En una habitación, pequeña, han instalado una cooperativa. En ella se venden conservas, tabaco y bebidas no alcohólicas al mismo precio que en las tiendas. Preguntamos cómo funciona desde el punto de vista administrativo. Nos contestan que no tienen ningún beneficio. Algunos voluntarios se encargan de ir a la ciudad, comprar las cosas y traerlas. No tienen ayuda de ningún género y las rebajas que les hacen en las tiendas son las normales de un cliente asiduo. El responsable de esta cooperativa es un hombre maduro que habla despacio y utiliza con precisión las palabras. Le preguntamos que por qué se dedica a la cooperativa si en definitiva ello le representa un trabajo accesorio y no le produce ningún beneficio material. «A pesar de todo hay que hacer algo», nos contesta.

La gente que vive en esta barraca son peones de la construcción, la mayoría entre 25 y 35 años. Es un día entre semana y, por lo que sea, no tienen demasiadas ganas de hablar. Al asomarnos a las habitaciones, la mayoría, tumbados en las camas, ni siquiera vuelven la cabeza. Un hombre viejo, italiano, nos lleva a su habitación en el extremo del pasillo, más pequeña que las demás pero individual. Nos quiere contar su vida entera, desde la infancia. Saca una botella de un vino muy blanco, muy dulce, que guarda como oro en paño. Es vino de su tierra: Sicilia.

Segunda Barraca

Es un grupo de barracas mucho más viejas que las otras, contruídas de piedra y madera. A un lado están los dormitorios colectivos en los que hay seis y siete camas, con un armario común. En un extremo de la habitación hay un grifo del que sólo sale agua fría. Debajo de cada cama hay una maleta, y en el centro, muy alta, una bombilla. Enfrente están las habitaciones individuales. En cada una vive una familia, muchas de ellas –nos dicen– ilegalmente, pues es muy difícil obtener un permiso para que la mujer y los hijos puedan entrar en el país. Los obreros que habitan estas barracas son especialistas y trabajan en la misma fábrica. La impresión que producen es de vivir en peores condiciones que los de las barracas nuevas de madera. [78]

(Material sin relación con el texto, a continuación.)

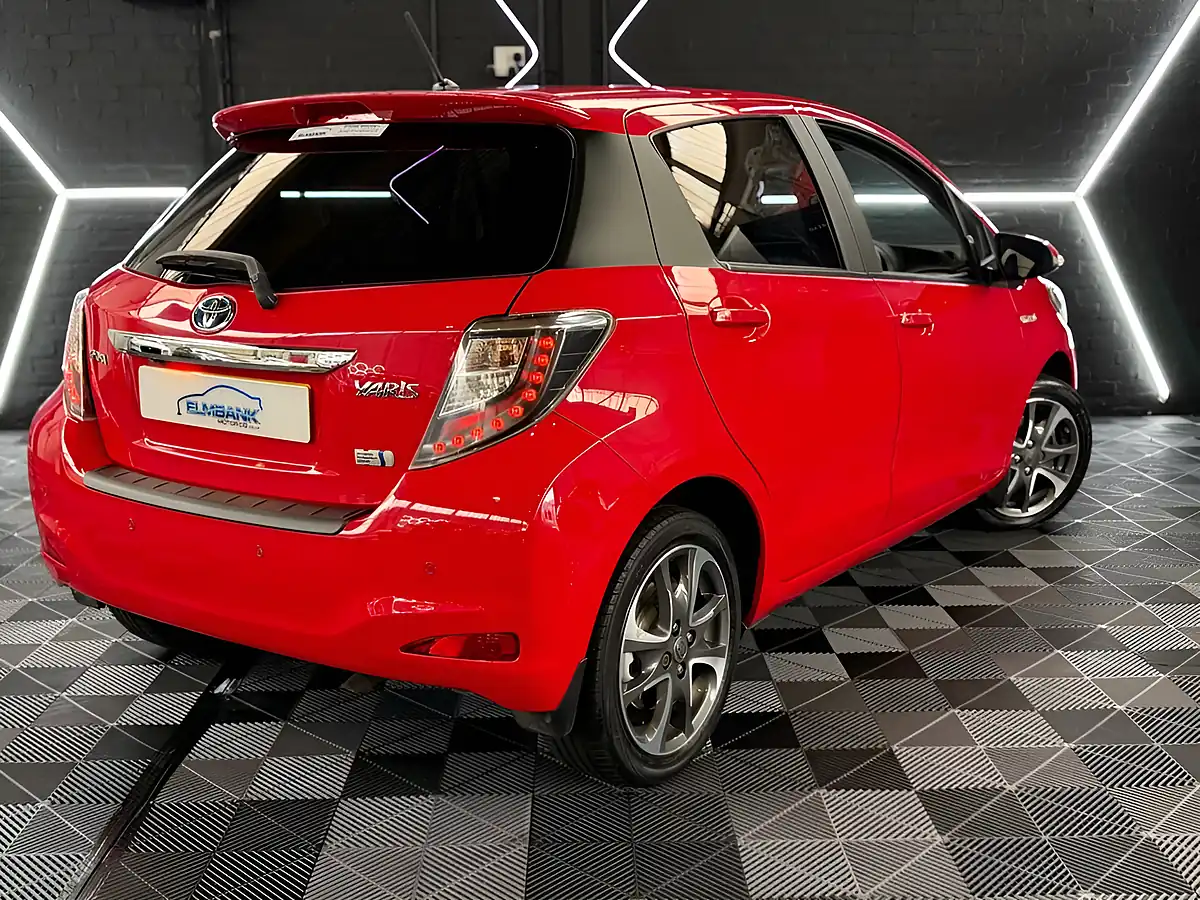 Used 2014 Toyota Yaris Trend Chilli Red - Interior and Exterior details 16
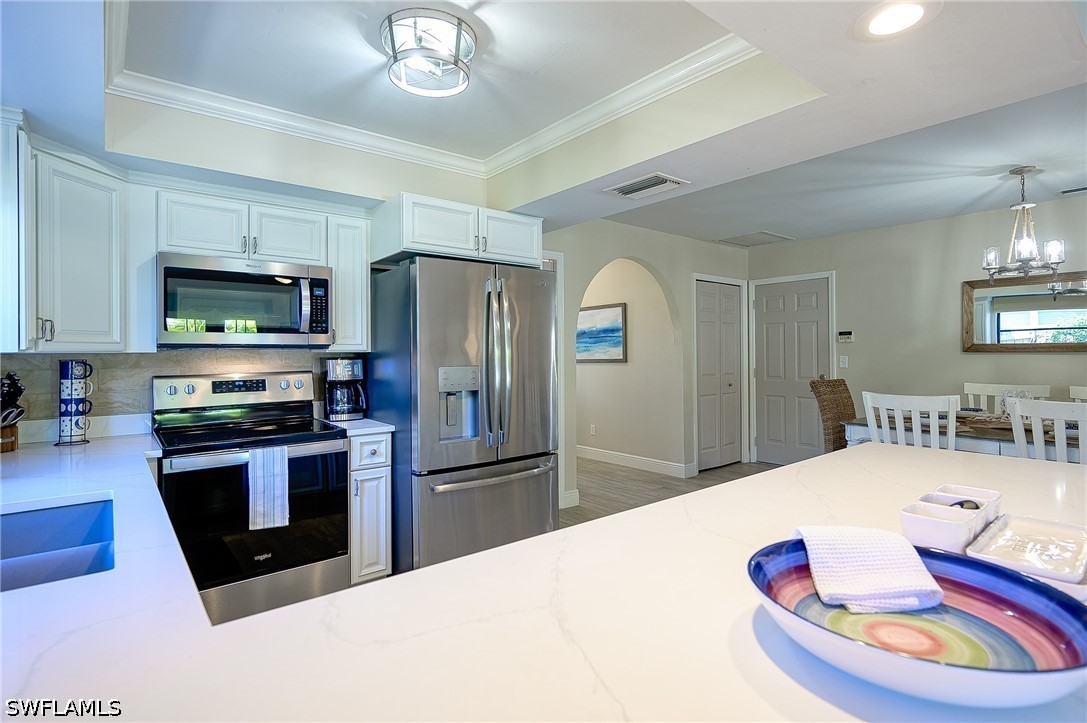 3 Bed Pool Home for Sale in Naples Park, photo 7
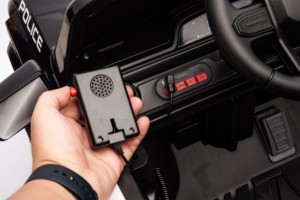 Auto Eléctrico Infantil Chevrolet Colorado Licenciado de 2 Plazas, 24v, Juguete para Niños, Auto de Policía para Niños - Product Image 6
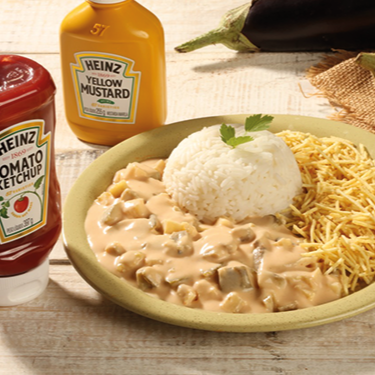 Saboreie 250g (porção do item strogonoff) da opção de vegetais do Santo! Combinação perfeita de pedaços selecionados de palmito, beringela, champignons e abobrinhas, mergulhados no inigualável molho de Strogonoff com Heinz do Santo. Acompanha arroz branco, batata palha ou purê de batatas.
(Os ingredientes do strogonoff não podem ser alterados e/ou retirados)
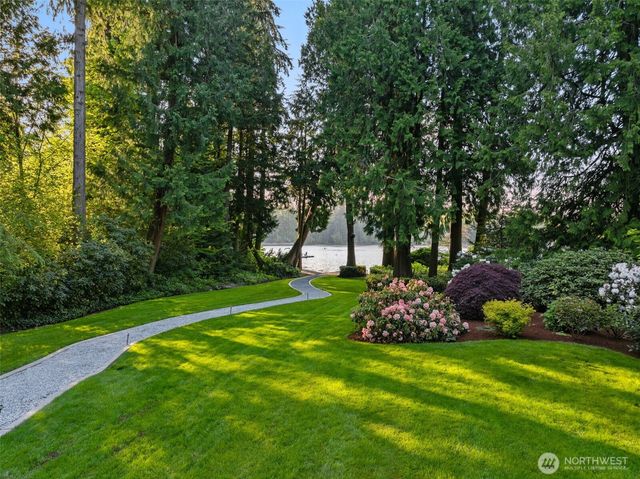 3718 S 334th Street, Federal Way, WA 98001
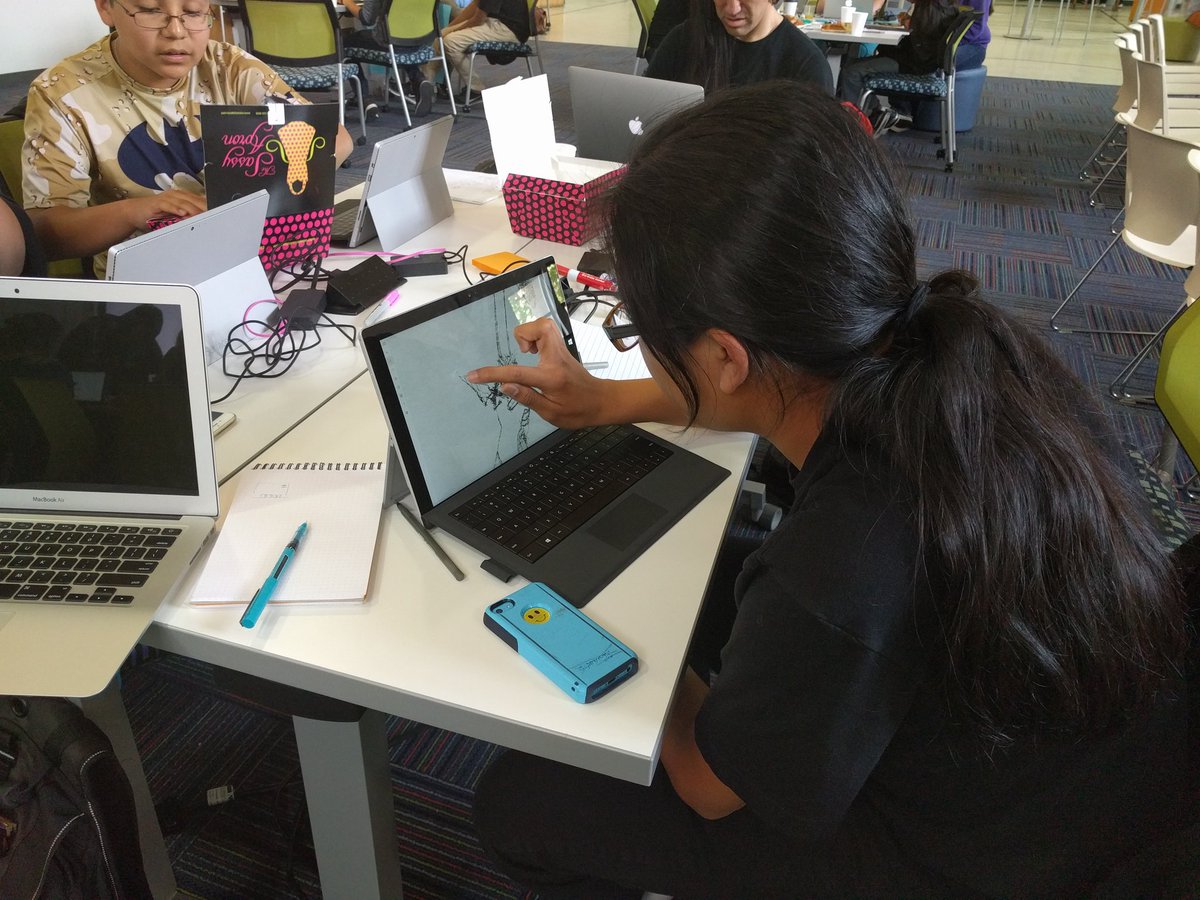 greatfulbread's tweet photo. Awesome to mentor the 1st place team at #NativeMBK #abq. Acoma revolt, the Oregon trail of native games. Great job https://t.co/9WAr5uttjK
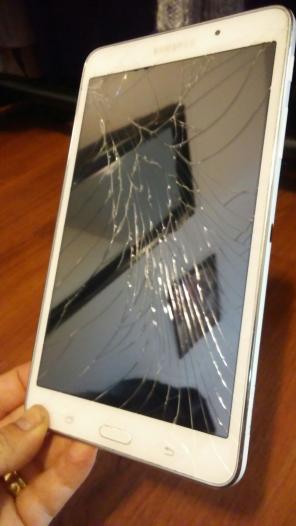 SAMSUNG tablet cracked screen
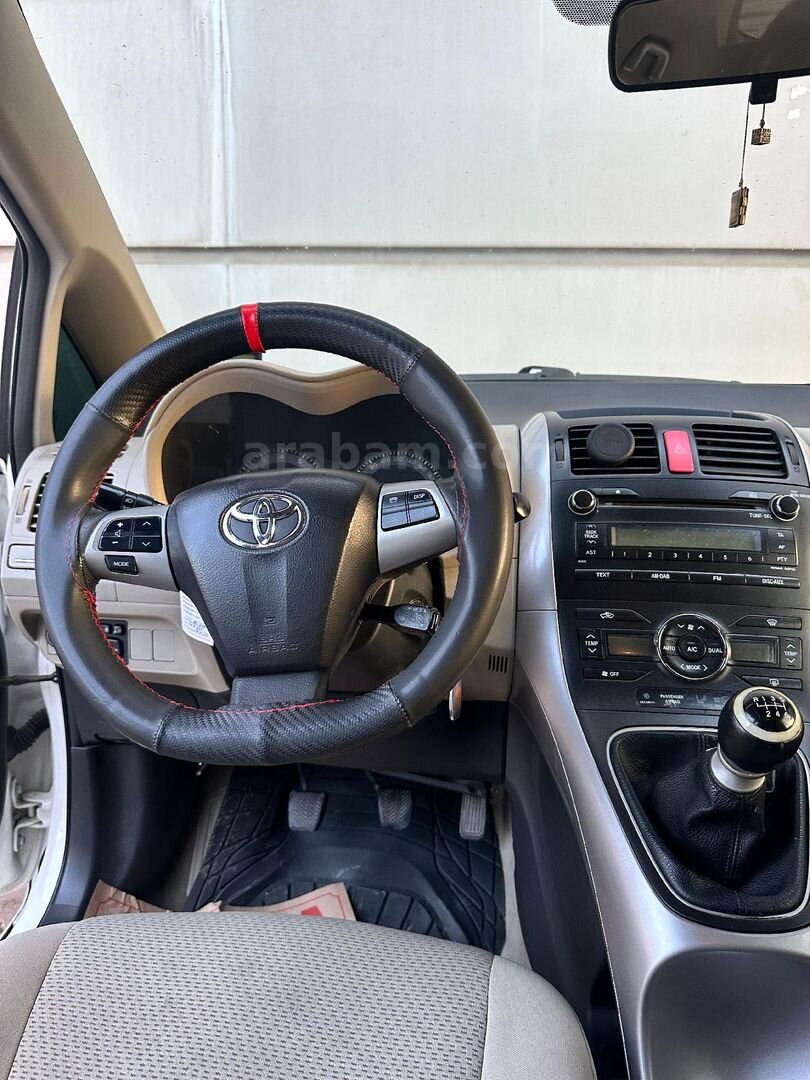 Sahibinden Toyota Auris 1.6 Comfort Extra 2012 Model Ankara 307.000 km Beyaz 6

En el patio, es decir, entre las dos filas de barracas, hay bastantes coches estacionados. Preguntamos si pertenecen a la gente que vive en las barracas y nos dicen que sí. Miramos los coches más despacio: indudablemente son de segunda mano, pero nos sorprende el tipo medio de automóvil. No se trata del famoso «Citroën 2 caballos», sino de automóviles mucho más caros. Incluso hay un Alfa Romeo descapotable y un Mercedes.

La alegría se pierde al llegar a las grandes ciudades. Cuando el tren entra en la última estación del trayecto todo el mundo arma ruido menos los españoles. Miden el terreno tomándole el pulso a éste o aquél nuevo país.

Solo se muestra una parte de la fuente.